0
votes

I would like to run a quite big docker image (~6 GB). I can create the docker image from a config file using Google Cloud Platform cloudshell

gcloud builds submit --timeout=36000 --tag gcr.io/docker-ml-dl-xxxx/docker-anaconda-env-ml-dl

This works perfectly fine and I can see the buidl is succesfull
https://console.cloud.google.com/cloud-build/

I can also see my image in the Registry Container:
https://console.cloud.google.com/gcr/images/docker-ml-dl-xxxxx

so far so good. The issue is when I try to run this image from cloudshell:

xxxxx@cloudshell:~ (docker-ml-dl-xxxxx)$ docker run gcr.io/docker-ml-dl-xxxxx/docker-anaconda-env-ml-dl
Unable to find image 'gcr.io/docker-ml-dl-xxxx/docker-anaconda-env-ml-dl:latest' locally
latest: Pulling from docker-ml-dl-xxxx/docker-anaconda-env-ml-dl
993c50d47469: Pull complete
c71c2bfd82ad: Pull complete
05fbbe050330: Pull complete
5586ce1e5329: Pull complete
1faf1ec50c57: Pull complete
fda25b84aec7: Pull complete
b5b4ca70f42c: Extracting [=======================>                           ]    708MB/1.522GB
0088935a1845: Download complete
36f80eb6aa84: Download complete
b08b38d2d4a3: Download complete
5ae3364fe2cf: Download complete
25da48fc753b: Downloading [==================================================>]  5.857GB/5.857GB
302cfeb76ade: Download complete
1f6d69ed4c84: Download complete
58c798a01f92: Download complete
docker: write /var/lib/docker/tmp/GetImageBlob997013344: no space left on device.
See 'docker run --help'.

Ok so my docker image is to big to be run from cloudshell.
Is this correct ?

What are the other/best option ? (to be 100% I can run the docker image on my Mac)

  • creating a custom VM
  • with 10 GB storage
  • install all software needed on this VM: docker gcloud ...

I need to devellop and run Machine Learning and Deep Learning code (this is the exploration phase, not the deployment phase with kubernetes).

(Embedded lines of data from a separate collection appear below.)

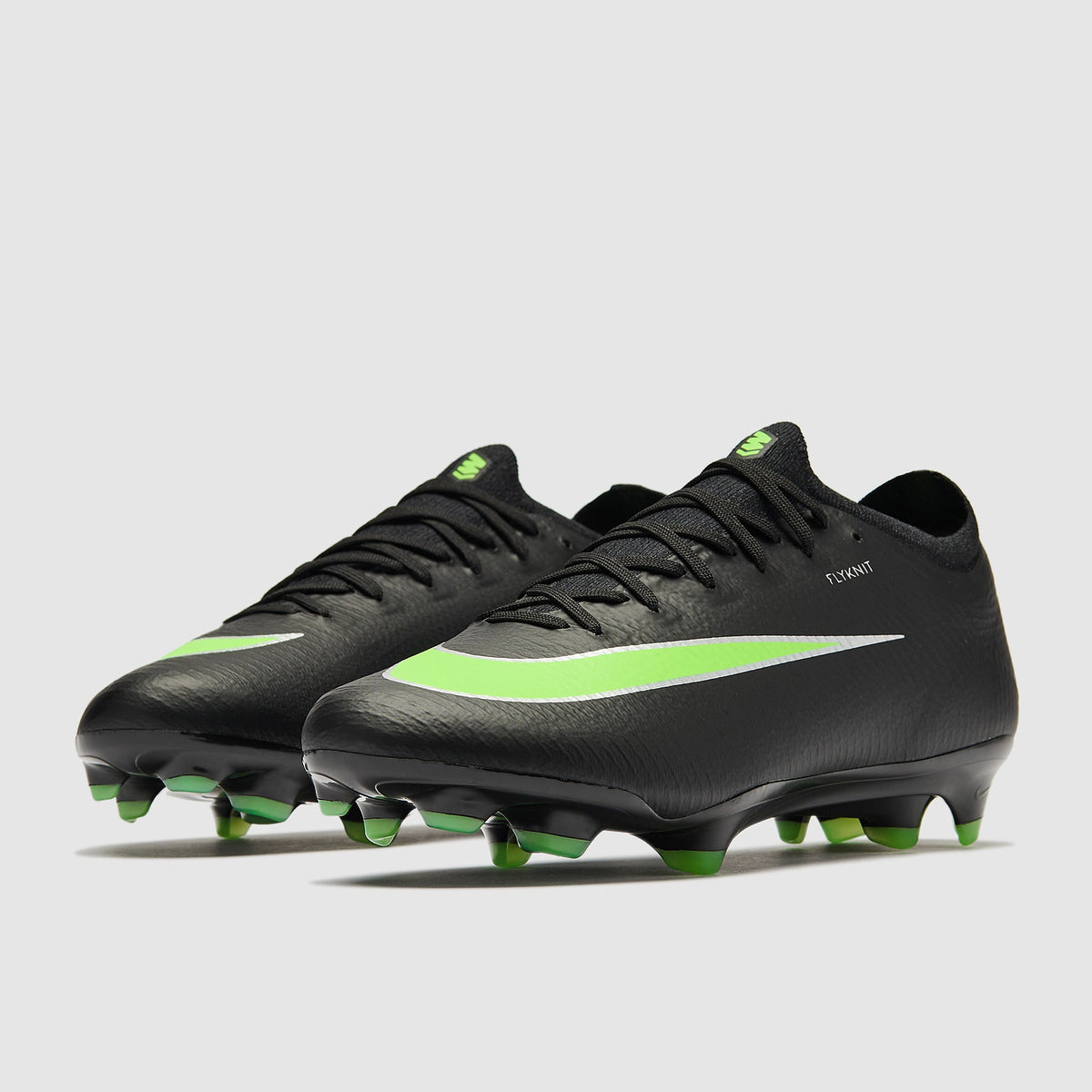 Nike Air Zoom Mercurial Vapor XVII Pro FG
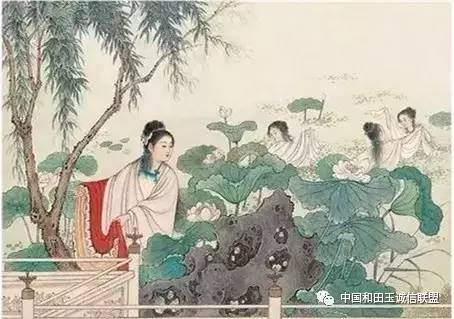 ：神话与恐怖的交汇点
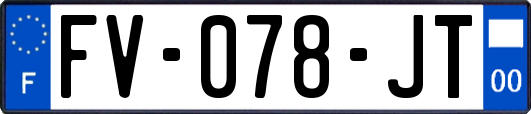 FV-078-JT
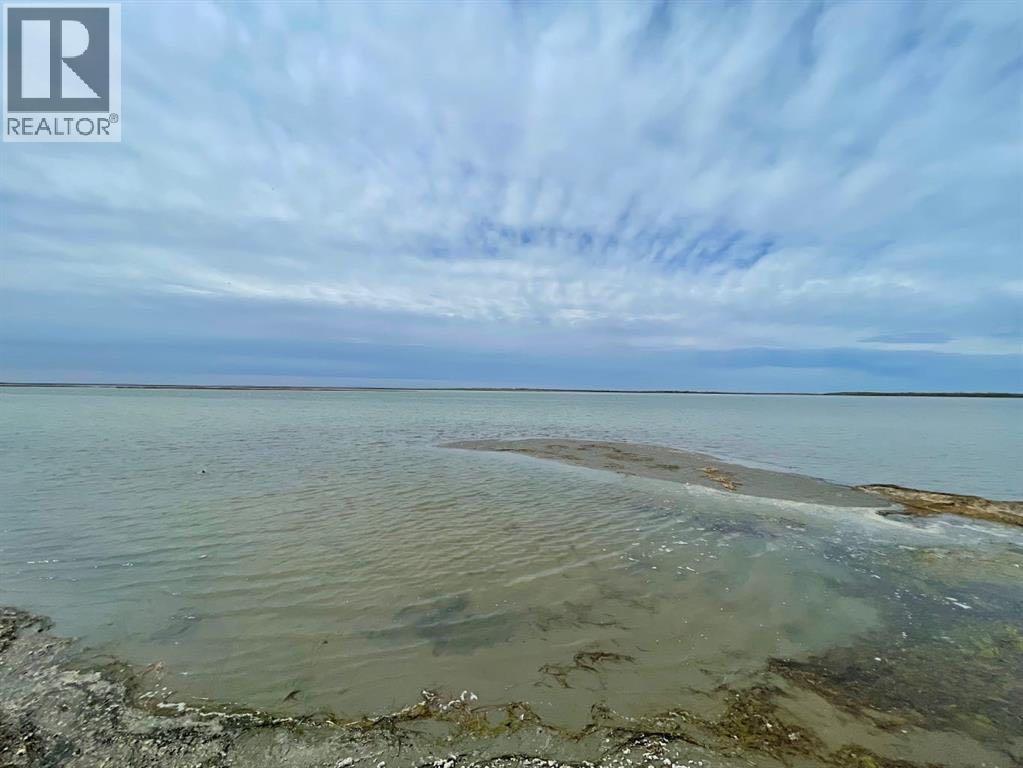 6 Sunset Lane, Rural Stettler No. 6, Alberta  T0C 2L0 - Photo 7 - A2303459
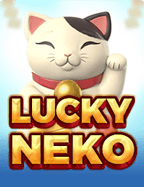 รีวิว เกม ยิง ปลา 918 พบกับความสนุกสุดมันส์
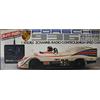 Sanwa 1/10 RC Porsche 936 Martini Racing Assembly Model Kit Racing Car Giappone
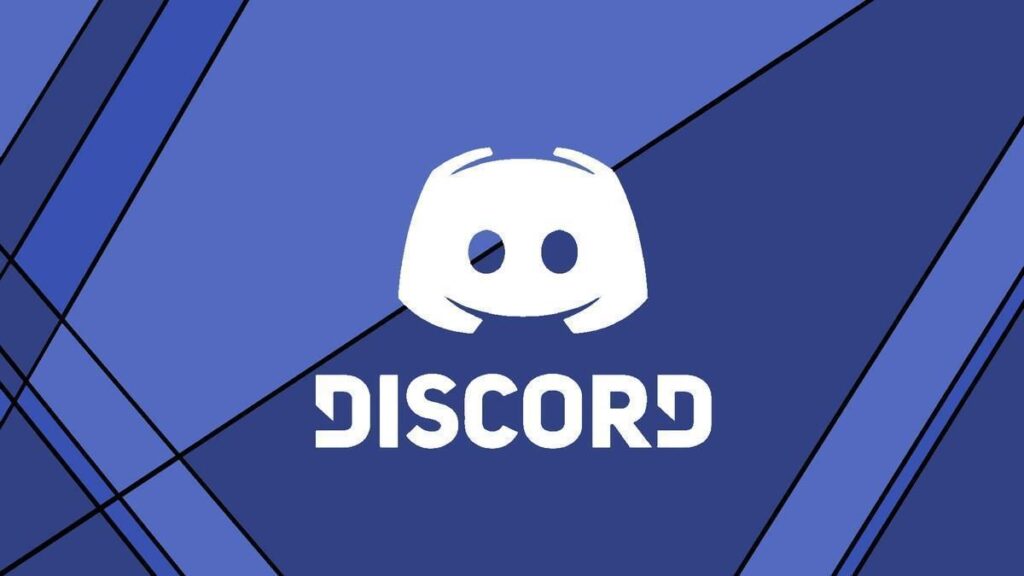 Discord’da Twitter benzeri kullanıcı adı dönemi başlıyor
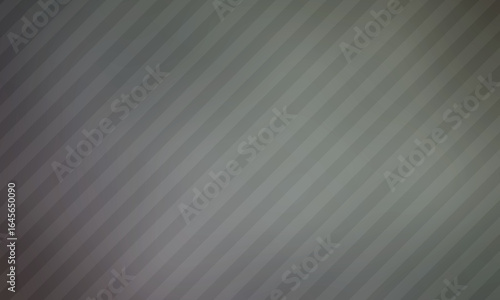 Gray striped background texture pattern wallpaper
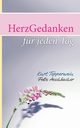 HerzGedanken fr den Tag, Tepperwein Kurt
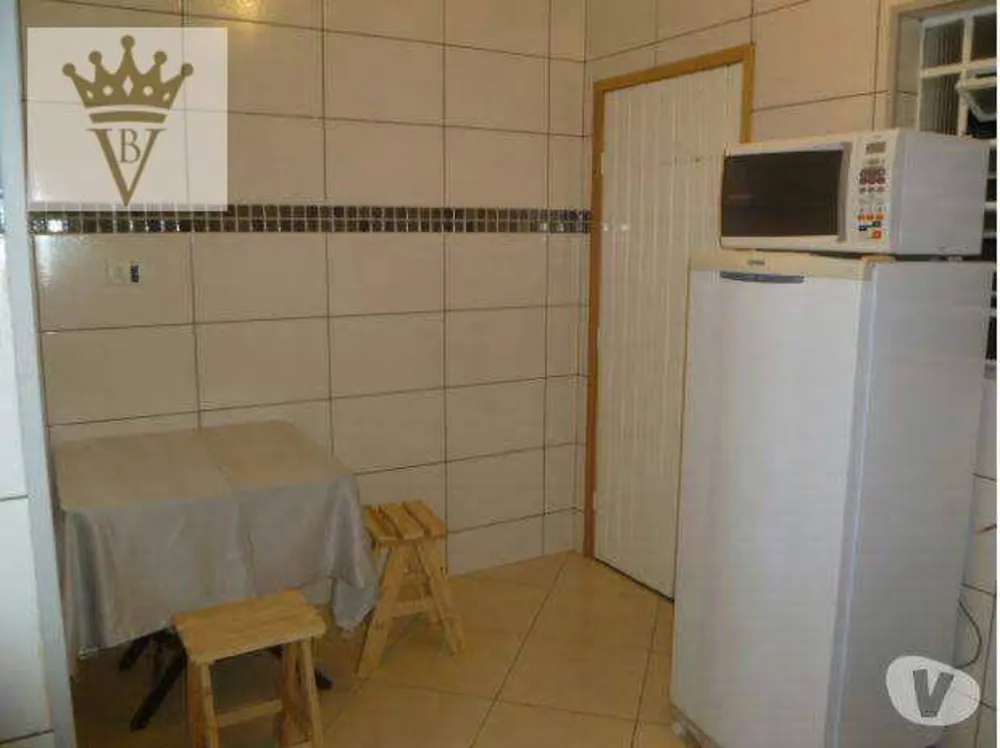Casa, 5 quartos, 260 m² - Foto 7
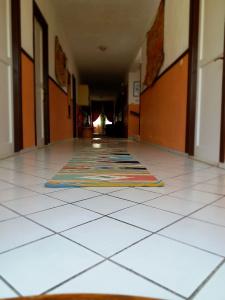 Kilim - 9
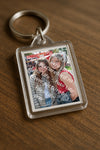 Evenement foto: 1510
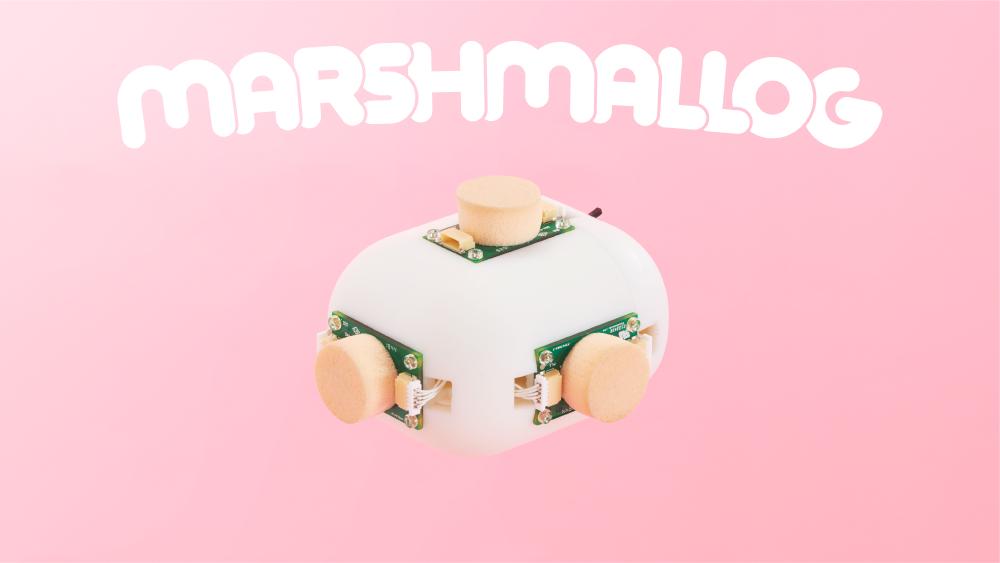 marshmallog_2.jpg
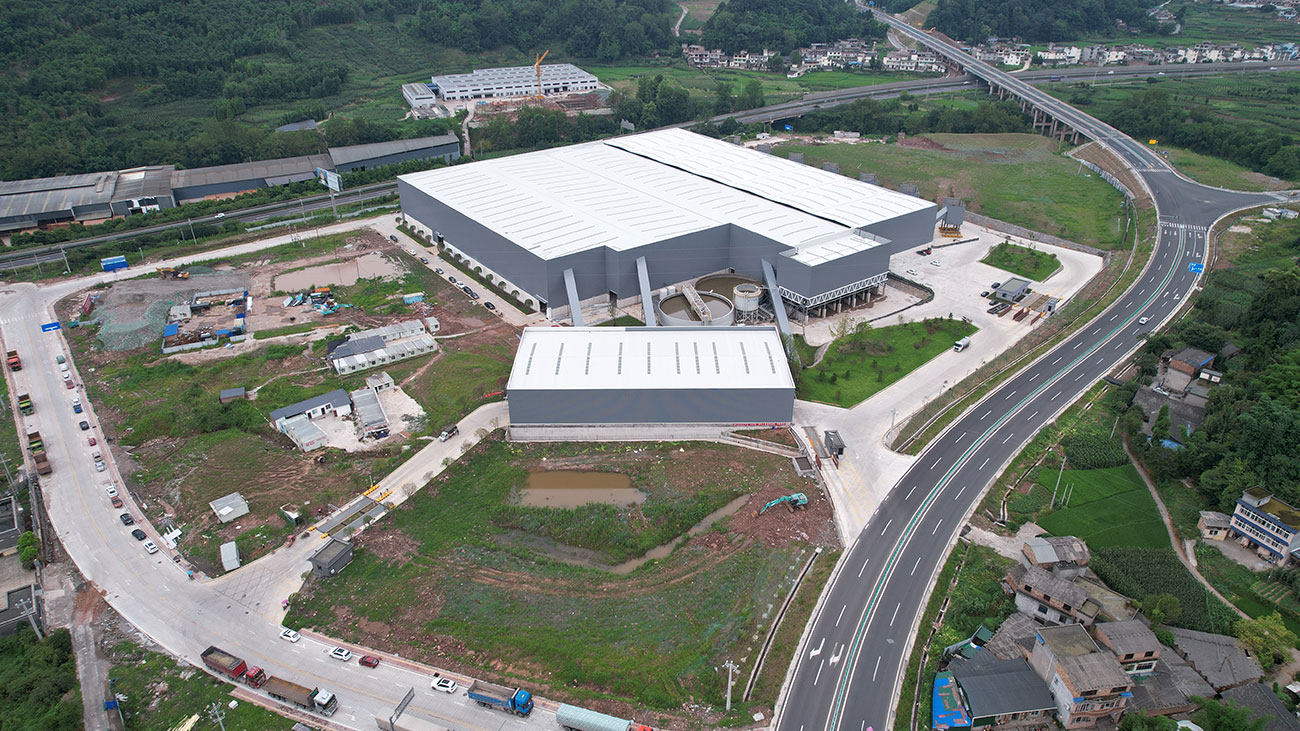 ��8ͷ�����(�й���½)-�ٷ���վ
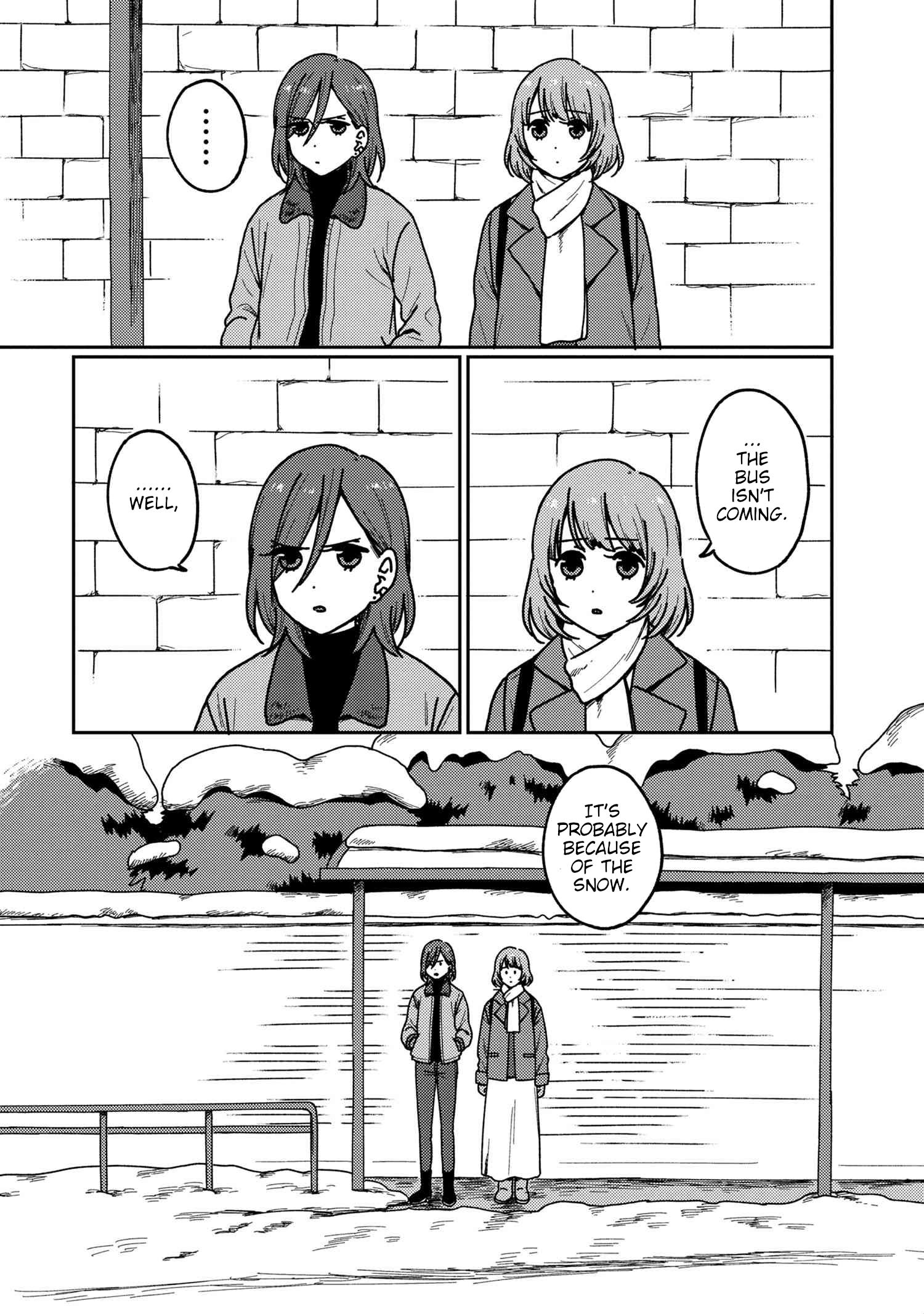 Page 1 of Chapter 16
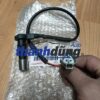 Cảm biến trục cơ Toyota 4Runner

Is this the best work on the cloud ?

1
6GB is ridiculously huge for a docker image. Does it really need to be that big?SiHa
Question has nothing to do with machine-learning - kindly do not spam the tag (removed).desertnaut
yes, this is huge. I have a acaconda env with a lot of packages and config file (spacy, nltk). Clearly this need to be optimize but this is not the question for the moment. Yes, this is not a ML topic but I want to know the best way to do exploration work on ML on the cloud. Focus is in ML, not sowtare dev on a 300 MB RedHat docker image. This why i added the tag but this was not a good. Thanks for the clean-up.Dr. Fabien Tarrade
Cloud Shell provides you with 5 GB of total disk space. Why are you trying to run a container in Cloud Shell?John Hanley
What is your proposal to develop a DL NLP code that need an Anaconda python env including a lot of ML packages like Tensorflow Keras, SHAP, LIME (and seems to be few GB, don't asked me why and I am looking into it as well) and for which the data are stored in BigQuery (200 GB). I am not talking about running the code in production. I am new on the Cloud. I know how I will do that on an Hadoop Data Lake. Looking forward for best pratice and proposal.Dr. Fabien Tarrade

1 Answers

1
votes

The docker image is too big to run on Cloud Shell. You might run it on Kubernetes or Compute Engine instead, but since you're still in the early stages and you've already said you can run the tools you need locally, then this might not be necessary for your needs. Looking into the future, when you're more concerned with performance, you might want to consider a solution such as Cloud ML Engine or BigQuery ML.